「あ、堕理雄君……」
「お、おう、菓乃子。奇遇だね」
「うん……」
気まずー。
そりゃ同じアパートの隣同士なんだから、こうして部屋を出たところでバッタリ出くわすこともあるだろうが、先日の沙魔美との長時間に及ぶ
まあ、そうなることも沙魔美の計算だったのかもしれないが。
とはいえ、いつまでも気まずいままじゃ、この家に住み辛くなる。
ここは一つ、何でもなかったかのように、フランクに話し掛けてみよう。
「あれ? 菓乃子、随分いっぱい買い物袋持ってるけど、どっか行って来たの?」
「あ……ああ、うん。ちょっと池袋に行ってきたんだ」
「ふーん。何を買ったの?」
「あー、まあ、ちょっと……」
「っ! ゴメン、突っ込んだこと聞いちゃって」
「ううん、別にいいんだけど……」
しまった。
いくらフランクにとは言え、女の子の買い物を詮索するなんて、デリカシーに欠けてたな。
もしかしたら下着とかを買ってたのかもしれないし。
「じゃ、じゃあ、私はこれで……」
「あ、ああ、またな」
菓乃子はそそくさと自分の部屋に消えて行った。
まあ、しょうがないか。
どちらにせよ、俺と菓乃子の間に流れる気まずさは、一生消えるものじゃないだろうしな。

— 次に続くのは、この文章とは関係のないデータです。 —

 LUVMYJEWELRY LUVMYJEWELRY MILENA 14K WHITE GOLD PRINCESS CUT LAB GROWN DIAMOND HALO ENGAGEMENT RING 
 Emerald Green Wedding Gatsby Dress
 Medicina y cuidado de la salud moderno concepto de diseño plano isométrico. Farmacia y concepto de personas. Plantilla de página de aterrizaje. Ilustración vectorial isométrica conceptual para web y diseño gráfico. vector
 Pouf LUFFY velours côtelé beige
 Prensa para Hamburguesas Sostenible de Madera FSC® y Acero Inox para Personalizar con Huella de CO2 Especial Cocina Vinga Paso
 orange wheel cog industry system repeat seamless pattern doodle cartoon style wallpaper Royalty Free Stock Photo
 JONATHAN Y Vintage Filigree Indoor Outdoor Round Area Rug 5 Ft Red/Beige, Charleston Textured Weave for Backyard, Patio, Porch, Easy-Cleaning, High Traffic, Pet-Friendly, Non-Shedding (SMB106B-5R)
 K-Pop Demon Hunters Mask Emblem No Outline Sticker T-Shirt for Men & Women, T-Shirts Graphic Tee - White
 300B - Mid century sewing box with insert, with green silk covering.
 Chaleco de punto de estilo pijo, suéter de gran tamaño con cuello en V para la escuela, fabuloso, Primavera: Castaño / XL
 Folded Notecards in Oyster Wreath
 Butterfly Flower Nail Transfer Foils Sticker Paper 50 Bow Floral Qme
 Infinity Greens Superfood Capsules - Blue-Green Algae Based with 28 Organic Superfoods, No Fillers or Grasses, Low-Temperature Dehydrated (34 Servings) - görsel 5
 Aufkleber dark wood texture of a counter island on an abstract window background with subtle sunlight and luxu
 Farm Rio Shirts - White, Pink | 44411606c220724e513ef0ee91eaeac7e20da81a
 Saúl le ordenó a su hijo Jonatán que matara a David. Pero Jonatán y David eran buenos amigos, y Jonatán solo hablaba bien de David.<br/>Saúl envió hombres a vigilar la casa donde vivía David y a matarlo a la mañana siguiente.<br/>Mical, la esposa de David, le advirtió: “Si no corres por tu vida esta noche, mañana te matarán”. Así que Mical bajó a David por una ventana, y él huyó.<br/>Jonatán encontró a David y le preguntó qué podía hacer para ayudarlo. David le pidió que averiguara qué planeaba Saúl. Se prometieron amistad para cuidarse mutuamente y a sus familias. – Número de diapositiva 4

さてと、そういえばコンビニに行こうとしてたんだった。
……行くか。
「キャアアアアアアアア!!!」
なっ!?
菓乃子の声だ!
何かあったのか!?
俺はドア越しに、菓乃子に向かって叫んだ。
「どうした菓乃子!? オイ!! 聞こえるか!?」
「あ……ご……あ……」
「くっ! 菓乃子!!」
俺はドアを蹴破ろうかと思ったが、幸いまだ鍵を掛けていなかったらしく、ドアは抵抗なく開いた。
勢いよくドアを開けたせいで思いっきりドアの角に足の小指をぶつけたが、激痛に耐え、俺は菓乃子の部屋の中に入って行った。
すると――。
「堕理雄君ッ!」
「ッ!?」
菓乃子が俺に躊躇なく抱きついてきた。
えっ!?!?
沙魔美程の大きさはないが、形の良い胸の、ふにゅっとした感覚が俺を襲う――。
「か、菓乃子……! マズいよ、こういうのは……!?」
「ご……ゴキ……」
「へっ?」
「ゴキ……ブリが……そこに……」
「あ……ああ! ゴキブリかあ!」
そうだった。
菓乃子はゴキブリが、俺にとっての沙魔美並みに苦手なのだった。
高校の時もクラスでゴキブリが出たことがあり、大騒ぎになってたっけ。
見れば、流し台の下あたりに、カサカサと黒い物体が蠢いている。
「よ、よし菓乃子。俺がやっつけるから、スプレー的なものとかないかな?」
「ま、まだ引っ越したばかりで買ってなくて……その……」
「そうか。じゃあしょうがないな。そしたら……」
丸めた雑誌とかで引っ叩くか?
でもそれだと逃げられるかもしれないし、潰した後の始末も大変だな。
どうしたものか。
「ここはこの、伝説の神獣アーティスティックモイスチャーオジサンにお任せあれ」
「なっ! 伝説の神獣アーティスティックモイスチャーオジサン! お前生きていたのか!?」
「あ! この間の木端微塵に弾け飛んだ人!」
そりゃ伝説の神獣なんだから、あれくらいでは死なないのかもしれないな。
最早、何故当たり前のように菓乃子の部屋に入って来ているのかはツッコむまい。
ゴキをどうにかしてくれるなら、御の字だ。
「よし、伝説の神獣アーティスティックモイスチャーオジサン、頼むぞ!」
「御意」
伝説の神獣アーティスティックモイスチャーオジサンは、例によってサラ毛をニョキニョキと伸ばし、ゴキを絡め取った。
よし!
後はそれをティッシュでくるんで、ポイすればフィニッシュだ!
……ん?
何をしてるんだ伝説の神獣アーティスティックモイスチャーオジサン……。
何故ゴキを口元に持っていってるんだ……。
まさか……まさかそんなわけないよな伝説の神獣アーティスティックモイスチャーオジサン……。
ああ……そんな……ああ……あああああ。
パクッ
バリバリバリバリ
ゴクンッ
「えーーー!?!?」
「えーーー!?!?」
「フウ、さあ、これでもう安心ですよお嬢さん」
「キャアアア!!! 近寄らないで!!!」
パーン
「ぶべら」
菓乃子に思いっ切りビンタされた伝説の神獣アーティスティックモイスチャーオジサンは、鼻血を出しながら三回転半程ブン回った後、うつ伏せにブッ倒れた。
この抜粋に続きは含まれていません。